Problem to work on:
Leaving out the images, please output every entry exactly as it appears.

Record set:
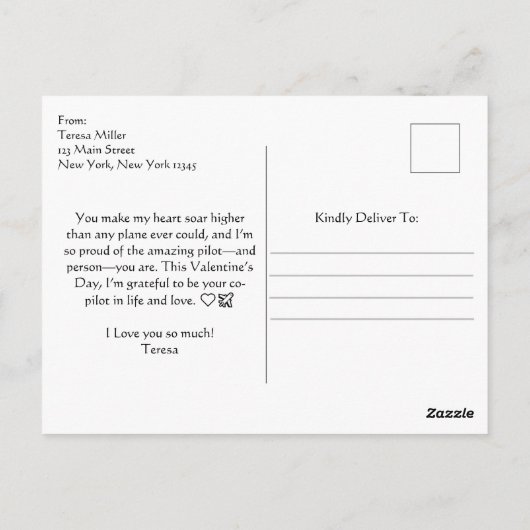 Carte Postale Avion & Coeurs J'aime Mon Pilote Romantique Simple (Dos)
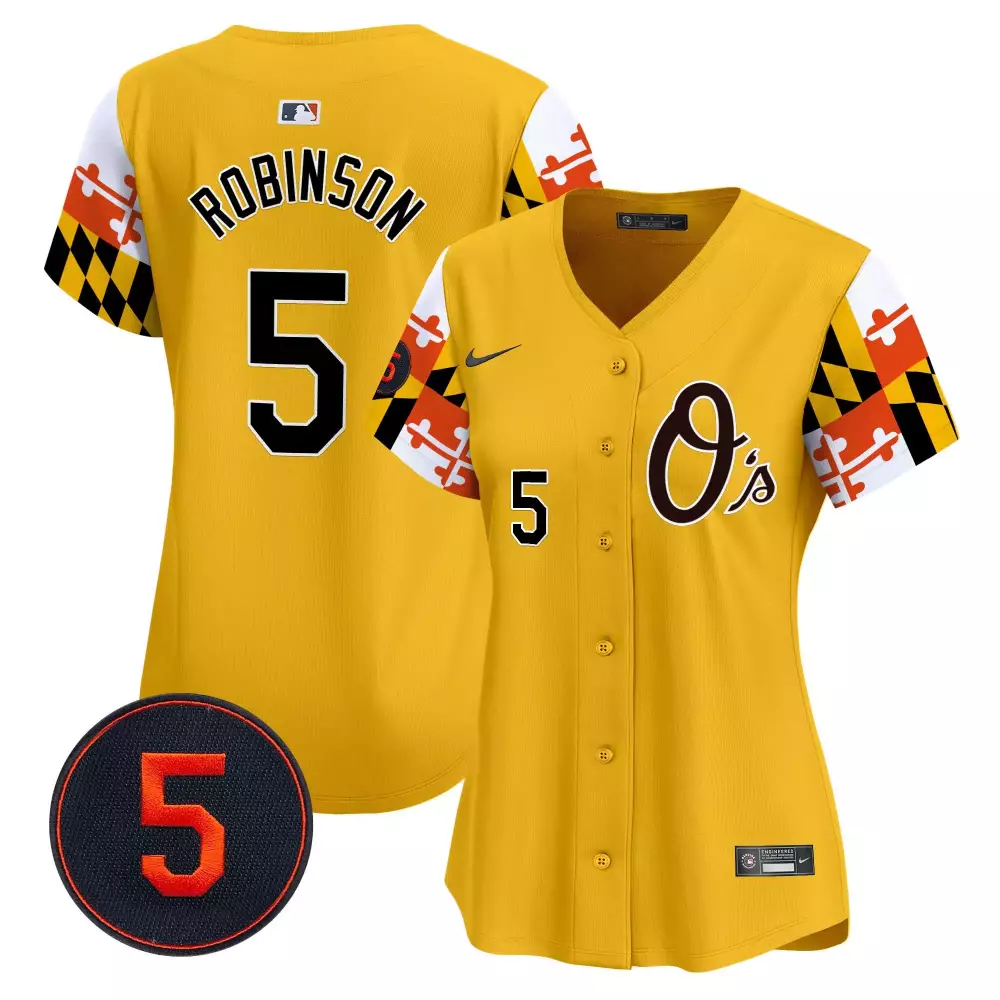 Brooks Robinson 5 Jersey Yellow Baltimore Orioles Women Split Design White Orange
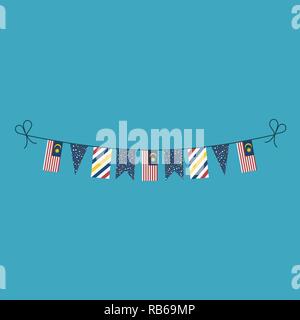 Dekorationen bunting Flags für Malaysia nationalen Feiertag in flacher Ausführung. Tag der Unabhängigkeit oder der nationalen Feiertag Konzept. Stock Vektor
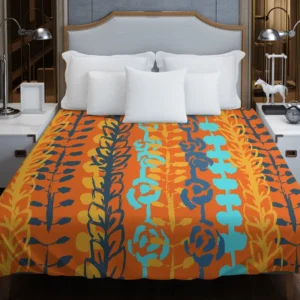 Blue Floral Pattern In Orange Duvet Cover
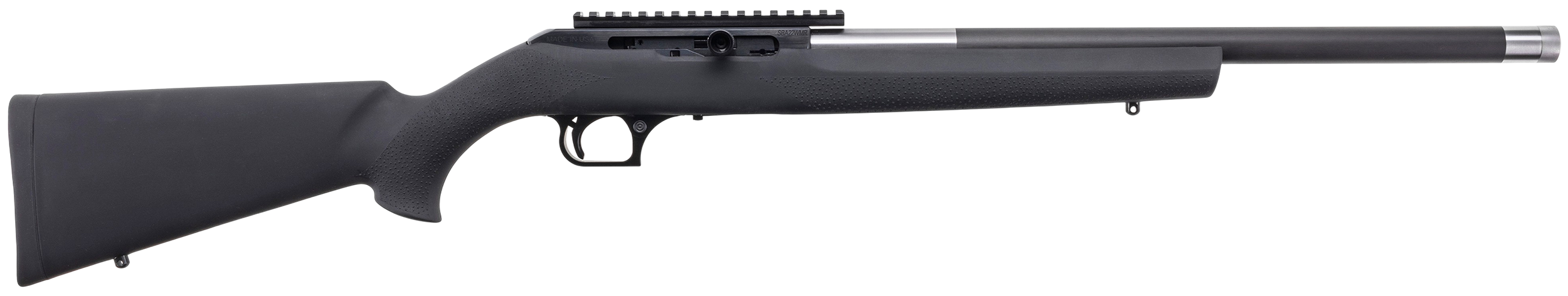 Magnum Research SBA22WMH Magnum Lite Straight Bolt 22 WMR 9+1 19" Black Threaded Barrel, Black Anodized Aluminum Receiver w/Picatinny Rail, Black Hogue OverMolded Polymer Stock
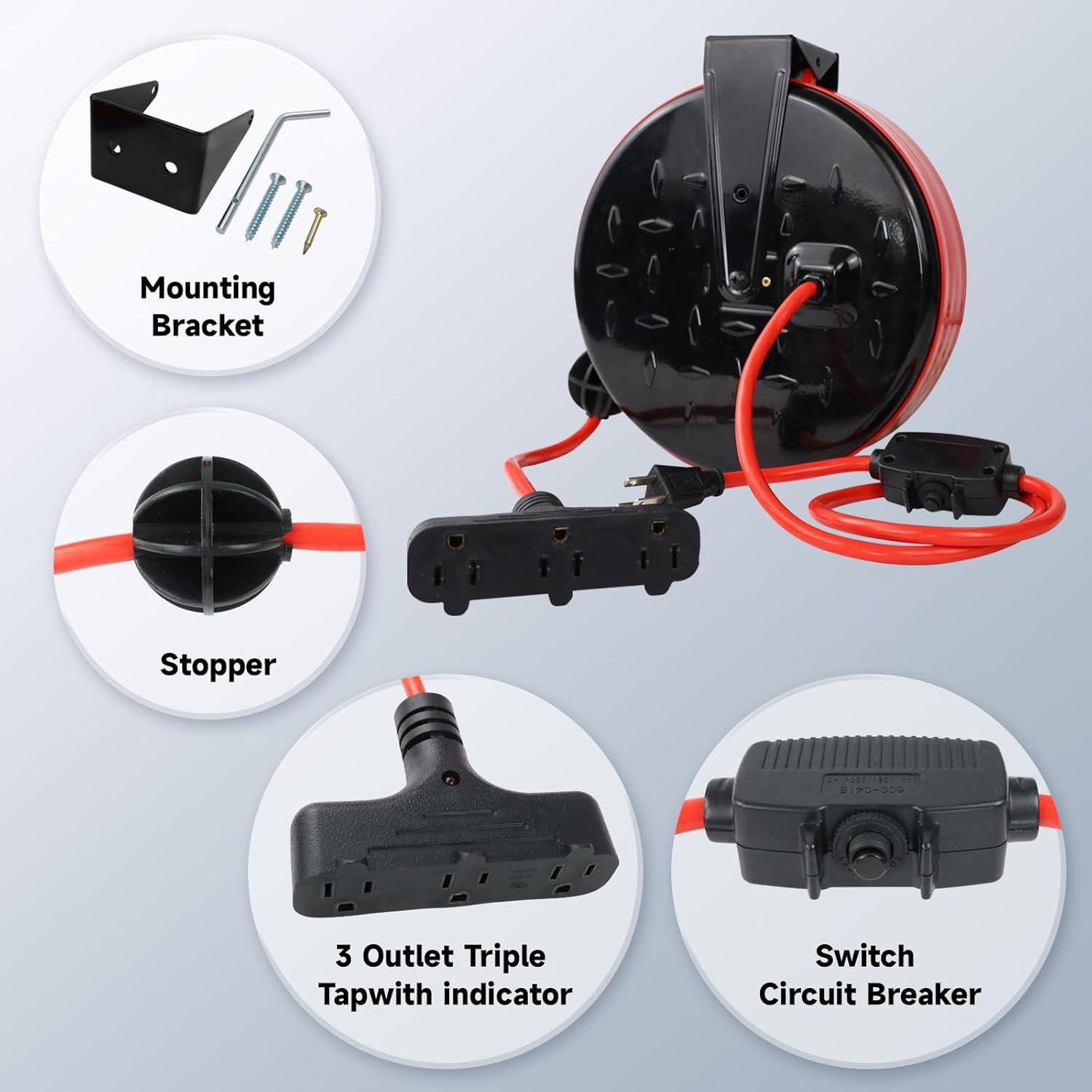 EP 30 Ft Retractable Extension Cord Reel, 16/3 SJTW Power Cord with 3 Electrical Outlets, Ceiling or Wall Mount, 10 Amp Circuit Breaker, Metal Plate, UL Listed, Red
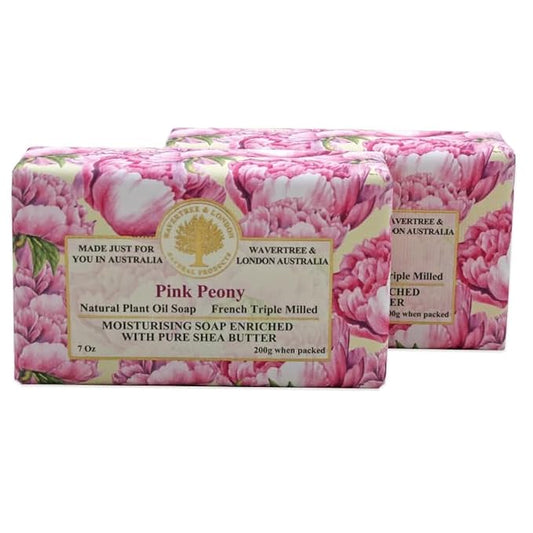 Wavertree & London Pink Peony Scented Natural Soap (2 Bars), 7oz Moisturizing French Triple Milled Soap Bars enriched with shea butter - Pure Plant Based Bath & Body Bars for All Skin Types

Response below:
 Carte Postale Avion & Coeurs J'aime Mon Pilote Romantique Simple (Dos)
 Brooks Robinson 5 Jersey Yellow Baltimore Orioles Women Split Design White Orange
 Dekorationen bunting Flags für Malaysia nationalen Feiertag in flacher Ausführung. Tag der Unabhängigkeit oder der nationalen Feiertag Konzept. Stock Vektor
 Blue Floral Pattern In Orange Duvet Cover
 Magnum Research SBA22WMH Magnum Lite Straight Bolt 22 WMR 9+1 19" Black Threaded Barrel, Black Anodized Aluminum Receiver w/Picatinny Rail, Black Hogue OverMolded Polymer Stock
 EP 30 Ft Retractable Extension Cord Reel, 16/3 SJTW Power Cord with 3 Electrical Outlets, Ceiling or Wall Mount, 10 Amp Circuit Breaker, Metal Plate, UL Listed, Red
 Wavertree & London Pink Peony Scented Natural Soap (2 Bars), 7oz Moisturizing French Triple Milled Soap Bars enriched with shea butter - Pure Plant Based Bath & Body Bars for All Skin Types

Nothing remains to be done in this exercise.